## Exercise
Leave out the images and return all the data word for word.

## Given material

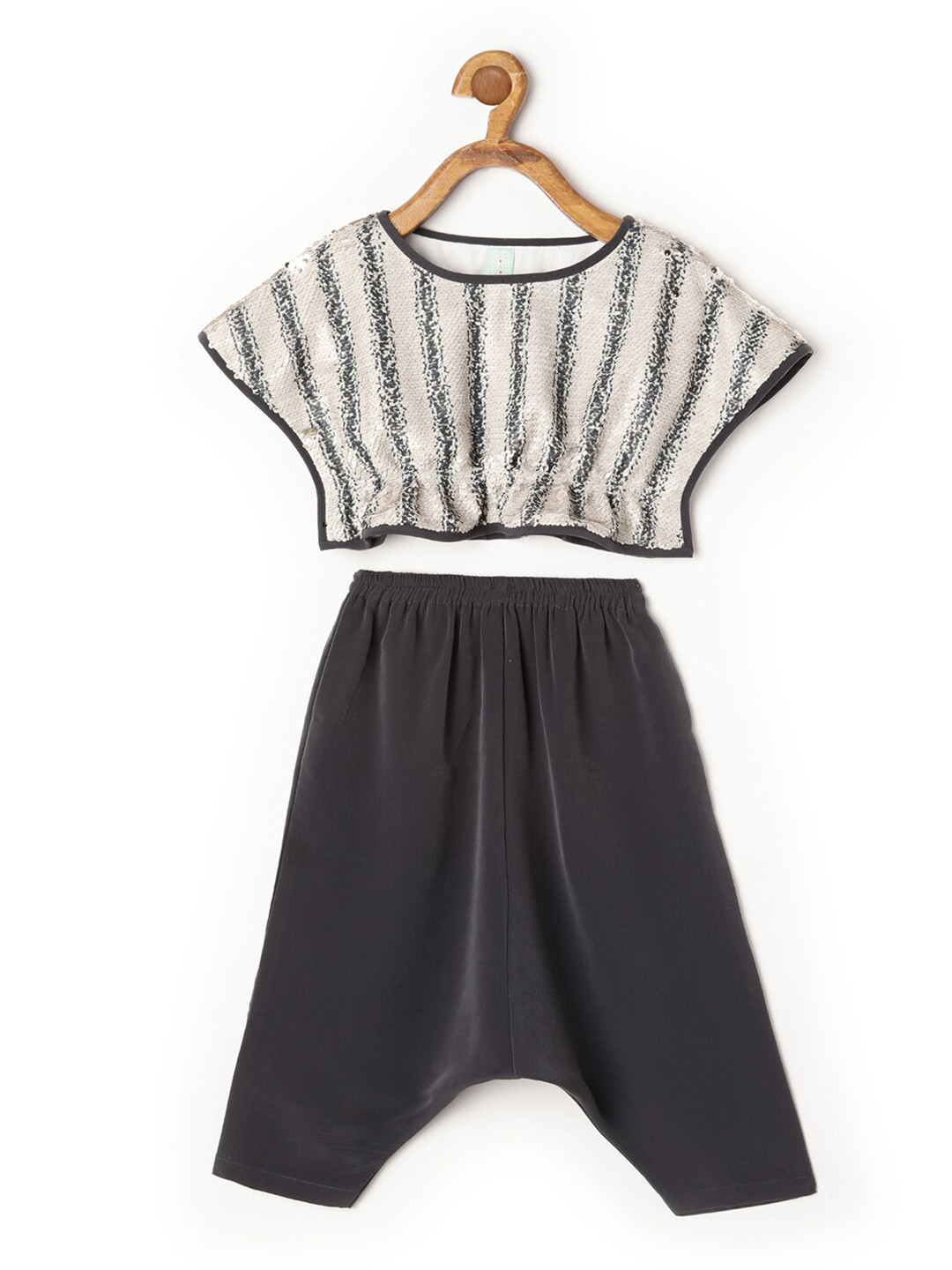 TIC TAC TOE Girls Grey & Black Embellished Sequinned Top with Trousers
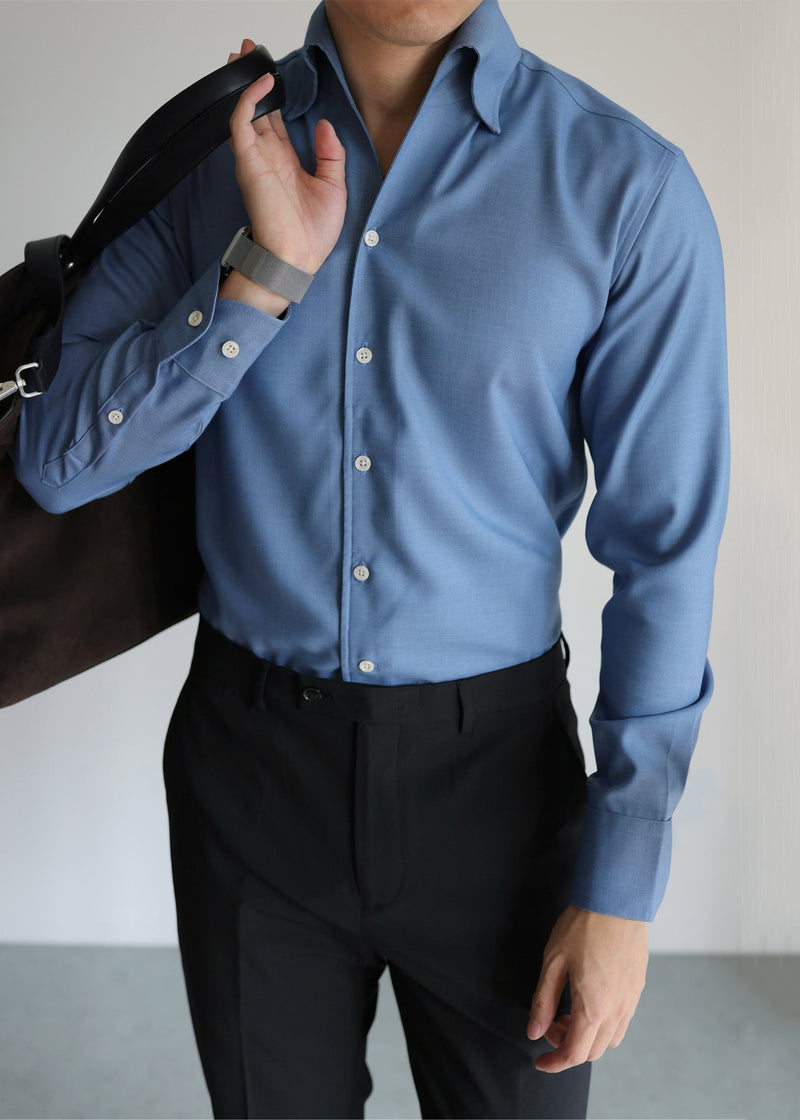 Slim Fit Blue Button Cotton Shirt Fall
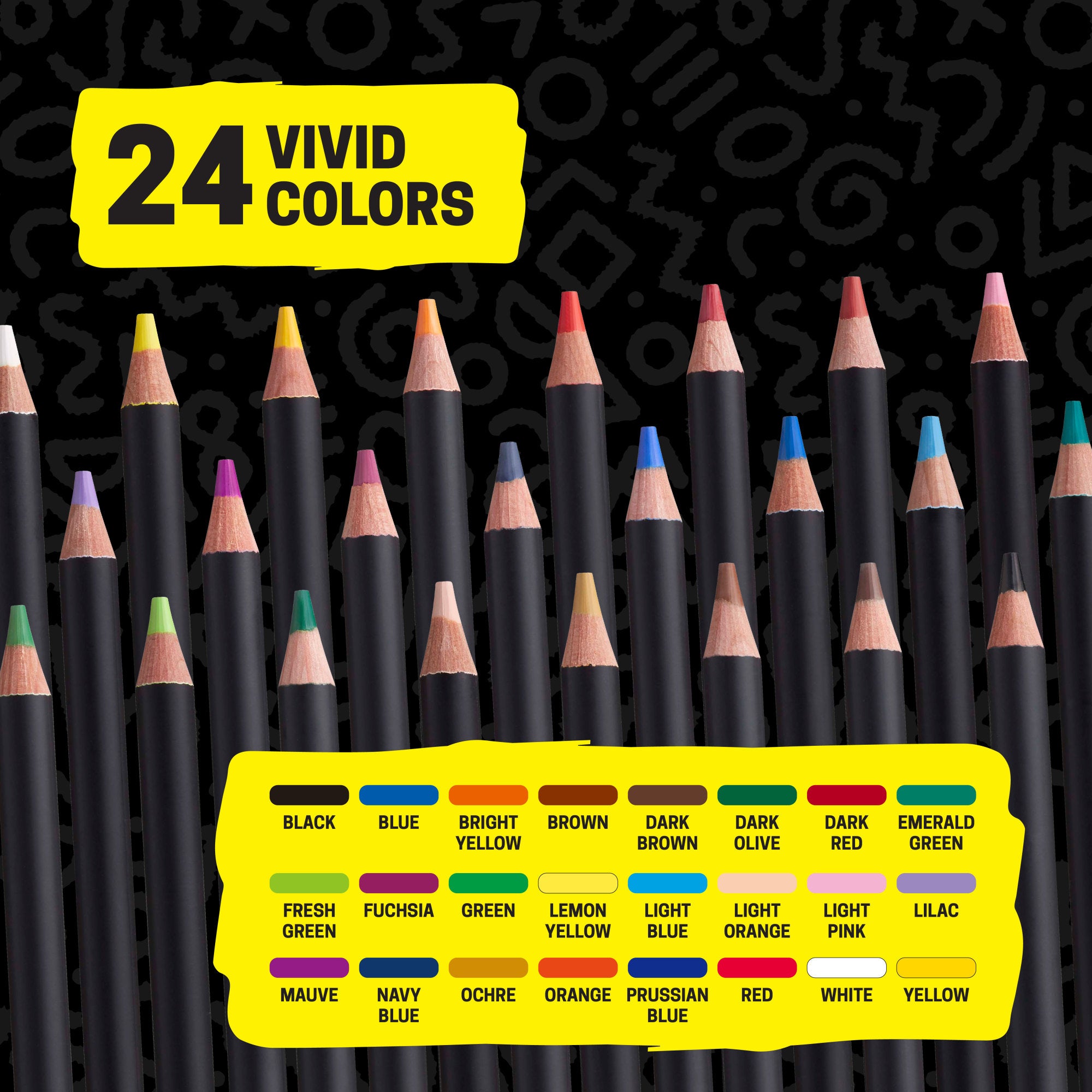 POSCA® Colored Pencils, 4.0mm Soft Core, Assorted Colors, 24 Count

## Solved problem
 TIC TAC TOE Girls Grey & Black Embellished Sequinned Top with Trousers
 Slim Fit Blue Button Cotton Shirt Fall
 POSCA® Colored Pencils, 4.0mm Soft Core, Assorted Colors, 24 Count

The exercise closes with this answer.